Pixies Set-List: 'Winterlong', 'Nimrod's Son', 'The Holiday Song', 'Here Comes Your Man', 'Vamos', 'In Heaven', 'Wave Of Mutilation' (UK Surf)', 'I Bleed', 'Monkey Gone To Heaven', 'Bone Machine', 'Velouria', 'Dead', 'No. 13 Baby', 'Subbacultcha' 'Gouge Away', 'Caribou', 'Hey', 'Cactus', 'River Euphrates', 'Debaser', 'Broken Face', 'Something Against You', 'Tame', ENCORE, 'Gigantic', 'Wave Of Mutilation', 'Into The White'.

PixiesYou can't touch us now. You older lot, you 'originals', you've got nothing on us any longer. We can stake our claim on the Pixies, reclaimed for a generation who, now more than ever, love them just as much. Don't just say they're getting fat and bald and it was better when they were playing support slots in the Town and Country Club, we're not listening. We've seen them, and they were incredible. Sorry, guys - they're ours now.

Bless Delays, they're trying their cool haircuts off, but of course nobody's here for them, and their fine efforts fall largely on deaf ears. The ones listening, however, are treated to a shining performance in which the band utilizes the only thing that veers them towards the overly nice on their 'Faded Seaside Glamour' LP, a necessary bite. Here, even the wistful, sweeping 'Nearer Than Heaven' can stomp its way over a stage in a live setting, and the brilliant 'Long Time Coming' (why don't more people write songs where they essentially put three different choruses in a row?) even more pounding. Shame more weren't paying attention, truth be told. But for what followed, attention isn't the word - devotion is far more apt.

What follows will be some unashamed, utterly defensible hero-worshipping, because that's what happened that night - nothing short of total adoration. They're playing with us, they start with a b-side cover of Neil Young's 'Winterlong', but we know the words, because they taught them to us. Then some familiarity, as thousands of us get to scream 'you are the son of a motherf**ker' at Black Francis / Charles Thompson / Frank Black (precisely what are we meant to call him these days?). 'Here Comes Your Man' is pure bliss and Kim Deal's voice is heavenly, but this isn't a poppy, play-it-easy ride by any means. Not even a fifth of the way into the set, there's all five minutes of 'Vamos's two-chord noise weird-out, where Joey Santiago leaves his guitar in the middle of the stage, playing it only via the mediums of projectile drumsticks and a vast array of pedals. He throws the drumstick back to whence it came (David Lovering's capable hands) in time to play the manic solo, but it gets dropped. Oh well, there had to be one instance of imperfection, no?
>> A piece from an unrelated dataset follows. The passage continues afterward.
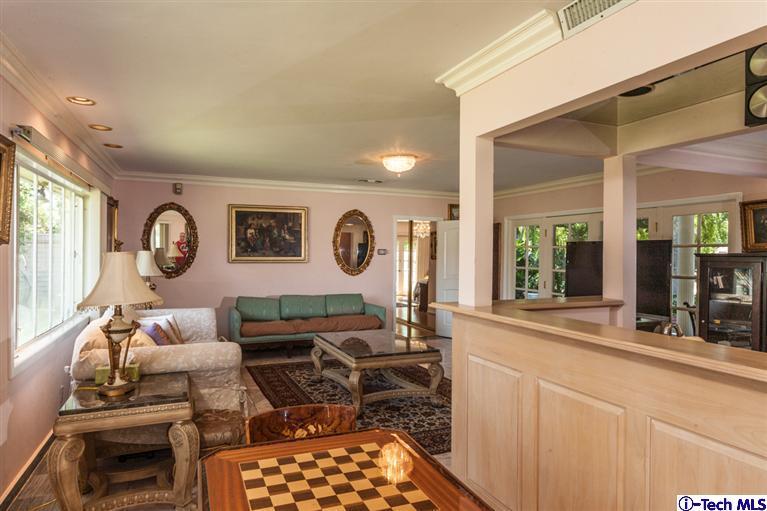 Undisclosed Address Pasadena, CA 91107 - Photo 5 of 16 a living room with furniture a rug and a large window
Heck, there weren't any others. Well, they didn't play 'Where Is My Mind?' but it says a hell of a lot that we didn't even notice until hours later. That's how on form this band is: they can omit their most famous track without anyone leaving feeling they've been anything less than blessed.

And it's not the crowd interaction that makes us feel this valued as an audience (because there is none), but the attention to detail. Black Francis knows we want him to get that scream on 'Monkey Gone to Heaven' just right, and he does. We're willing every note of Santiago's solo in 'Hey' to be perfect, and it is. Right then, the most beautiful thing happens, even if (in our delirium) we dreamt it up. In the middle of the solo, Kim seems to be as transfixed by the magic emanating from that golden Gibson as we are. We swear we see her eyes well up, although perhaps it was an illusion - our vision was, quite un-macho as it may be, admittedly rather blurry at the time anyway. Still, everyone remembered where to go 'ugh!' like a choir, and it was quite something.

'Debaser' rocks us, 'Cactus' scares us (really...), and 'Gigantic' soothes us. Even Frank Skinner's having a bit of a dance towards the back of the arena, amidst a host of other celebrities all stripped of their cool and reduced, as everyone is, to the basic, primal level of a hysterical fan. Famous admirers, cash-in reunion tours and compilations, receding hairlines and ballooning bellies aren't the usual signs of heroes. 'The Pixies Sell Out' say the official T-Shirts. 'Thank God for the Pixies', says the world.